Chagrin écologique dans un avenir climatique

Le chagrin écologique nous rappelle que le changement climatique n'est pas simplement un concept scientifique abstrait ou un problème environnemental lointain. Cela attire plutôt notre attention sur les pertes émotionnelles et psychologiques vécues personnellement lors de changements ou de décès dans le monde naturel. Ce faisant, le chagrin écologique éclaire également la manière dont plus que d'humains font partie intégrante de notre bien-être mental, de nos communautés, de nos cultures et de notre capacité à prospérer dans un monde dominé par les humains.

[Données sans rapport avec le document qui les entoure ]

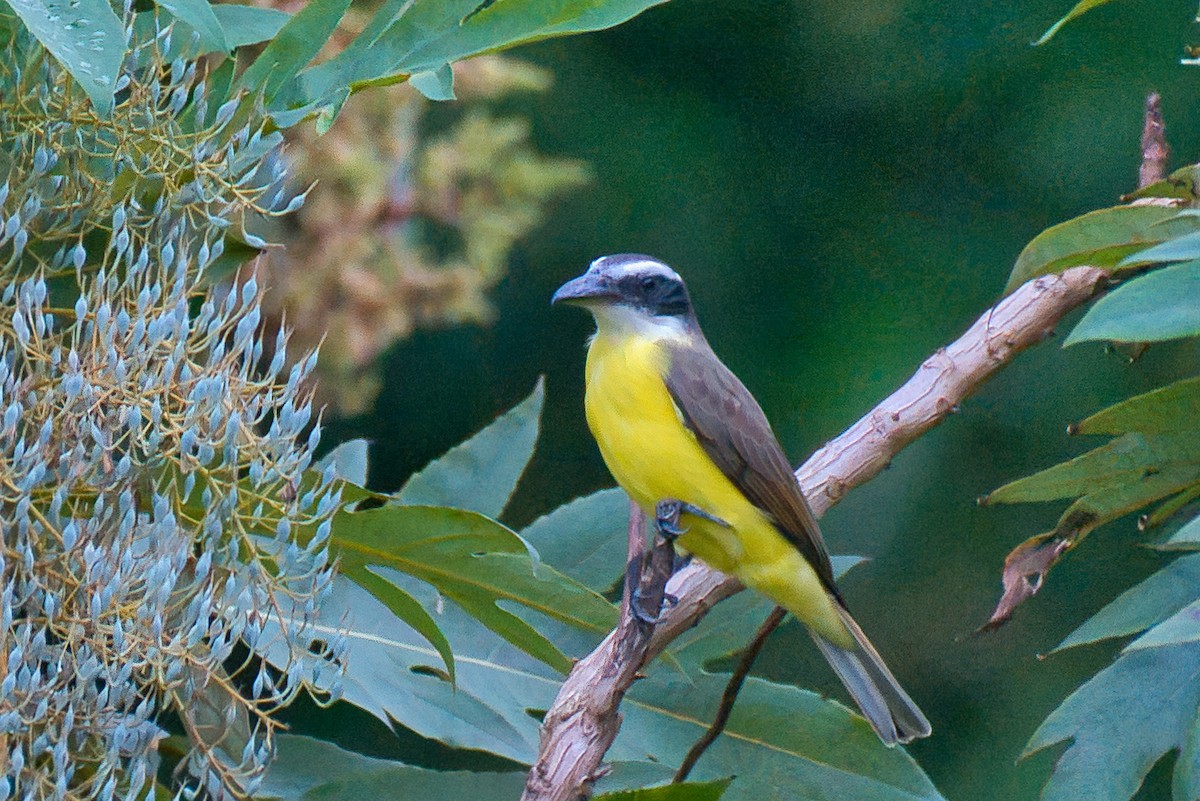 Boat-billed Flycatcher - ML646424141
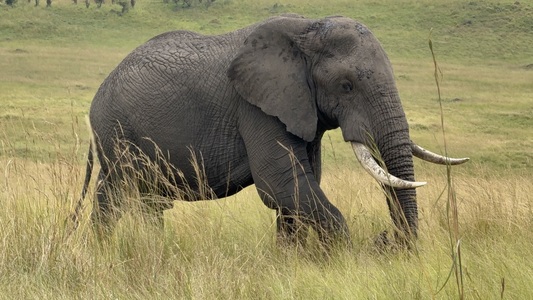 Northern Circuit Highlights Tanzania Safari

D'après ce que nous avons vu dans nos propres recherches, bien que ce type de deuil soit déjà vécu, il manque souvent un moyen approprié d'expression ou de guérison. En effet, non seulement nous manquons de rituels et de pratiques pour aider à traiter les sentiments de deuil écologique, mais nous n’avions même pas jusqu’à récemment le langage pour exprimer ces sentiments. Et c'est pour ces raisons que le chagrin des pertes dans le monde naturel peut être ressenti, comme le dit l'écologiste américaine Phyllis Windle, 'irrationnel, inapproprié, anthropomorphique.

Nous soutenons que reconnaître chagrin écologique comme réponse légitime à la perte écologique est une première étape importante pour humaniser le changement climatique et ses impacts, ainsi que pour mieux comprendre ce que signifie être l'homme à l'anthropocène. Comment bien faire son deuil des pertes écologiques - en particulier lorsqu'elles sont ambiguës, cumulatives et continues - est une question sans réponse pour le moment. Cependant, nous nous attendons à ce que la question devienne plus pressante à mesure que le changement climatique, y compris les pertes, subira de nouveaux impacts.

Nous ne considérons pas le chagrin écologique comme un signe de désespoir, et cela ne justifie pas non plus de «nous déconnecter» des nombreux problèmes environnementaux auxquels l'humanité est confrontée. Au lieu de cela, nous trouvons un grand espoir dans les réponses que le deuil écologique est susceptible d’invoquer. Tout comme le chagrin suscité par la perte d'une personne chère met en perspective ce qui compte dans nos vies, des expériences collectives de deuil écologique peuvent se combiner pour renforcer le sentiment d'amour et l'engagement envers les lieux, les écosystèmes et les espèces qui nous inspirent, nous nourrissent et nous soutiennent. Il y a beaucoup de travail à faire et beaucoup de travail sera difficile. Toutefois, il est peut-être nécessaire d’être ouvert à la douleur liée aux pertes écologiques. The Conversation

Espoir et deuil à l'Anthropocène: comprendre le chagrin écologique
Moonrise, près, Rigolet, Nunatsiavut, Canada. Ashlee Cunsolo

À propos des auteurs

Neville Ellis, chercheur, University of Western Australia et Ashlee Cunsolo, directrice, Labrador Institute, Université Memorial de Terre-Neuve

Cet article est republié de The Conversation sous une licence Creative Commons. Lis le article original.